EXERCISE DESCRIPTION: Among the lines of the listing below, retype exactly those from the one containing "Obrázek produktu pro" through the one containing "بازدید دبیر شورای‌عالی", both included. Do not include pictures.

BEGIN DATA IN THIS EXERCISE

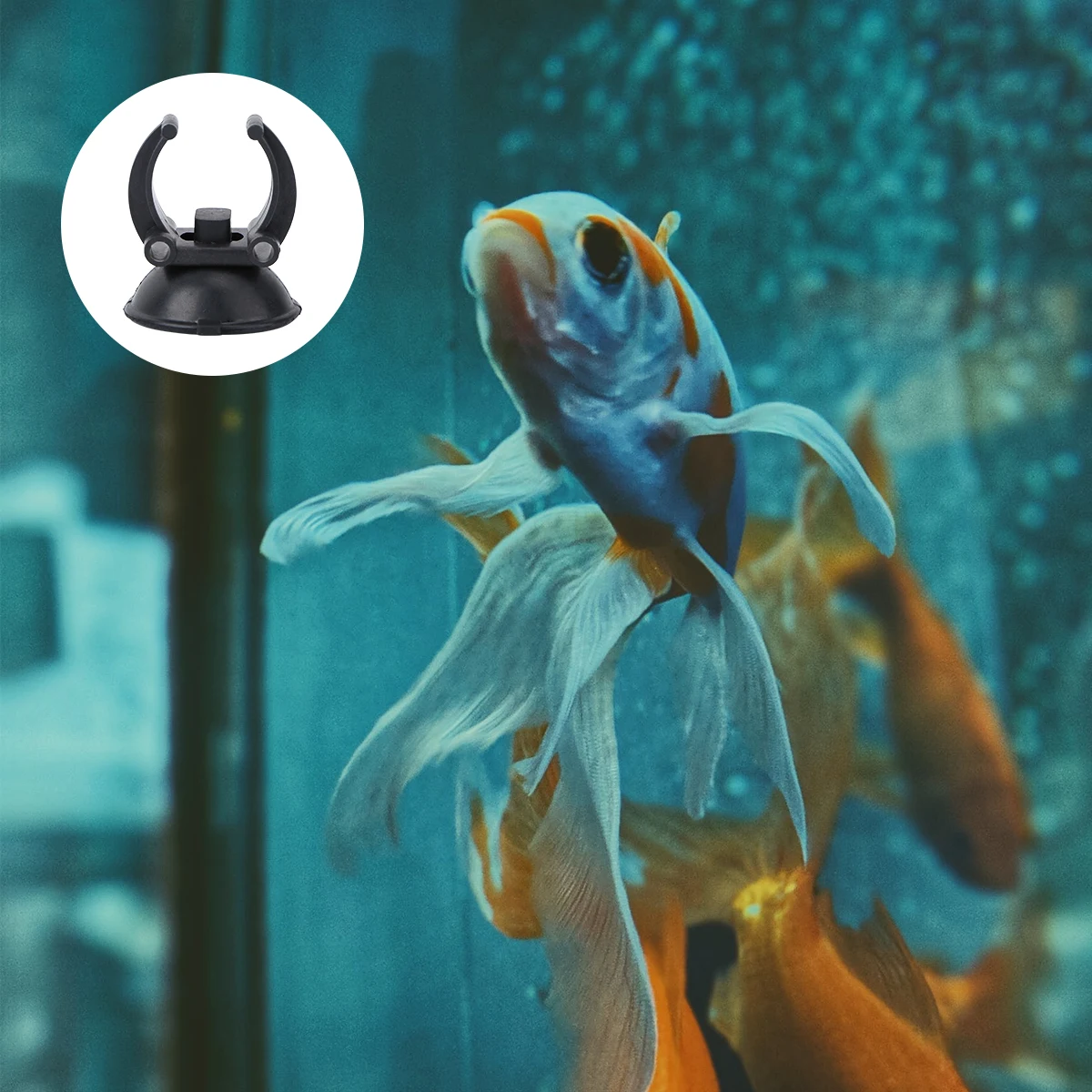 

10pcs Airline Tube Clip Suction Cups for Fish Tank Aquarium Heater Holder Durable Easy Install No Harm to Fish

END DATA IN THIS EXERCISE
BEGIN DATA IN THIS EXERCISE

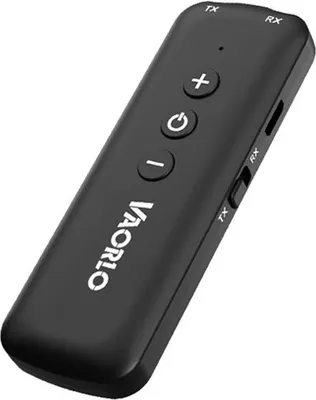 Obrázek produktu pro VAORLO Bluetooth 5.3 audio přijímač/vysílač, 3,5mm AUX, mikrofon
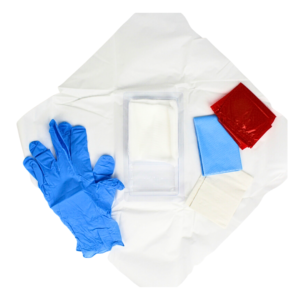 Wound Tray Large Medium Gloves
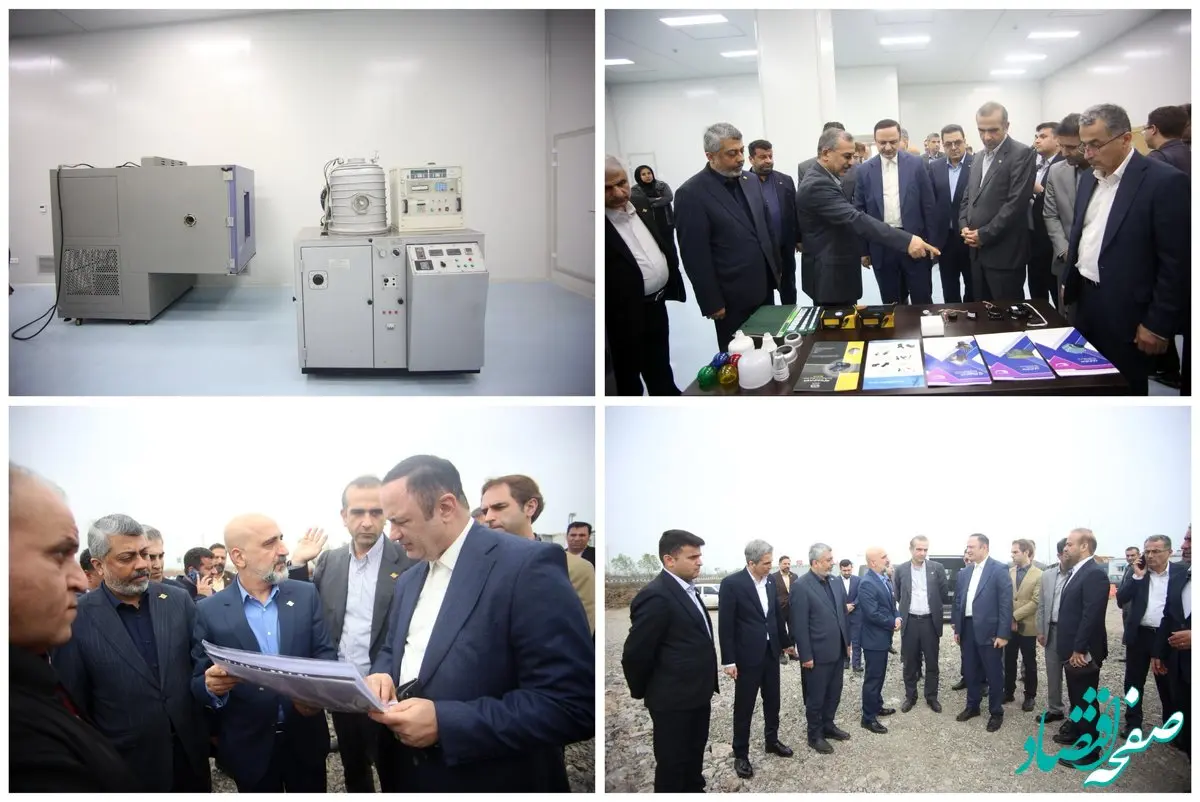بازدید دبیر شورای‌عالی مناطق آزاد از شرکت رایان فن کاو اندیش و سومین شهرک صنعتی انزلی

END DATA IN THIS EXERCISE

RESPONSE AREA:
 Obrázek produktu pro VAORLO Bluetooth 5.3 audio přijímač/vysílač, 3,5mm AUX, mikrofon
 Wound Tray Large Medium Gloves
بازدید دبیر شورای‌عالی مناطق آزاد از شرکت رایان فن کاو اندیش و سومین شهرک صنعتی انزلی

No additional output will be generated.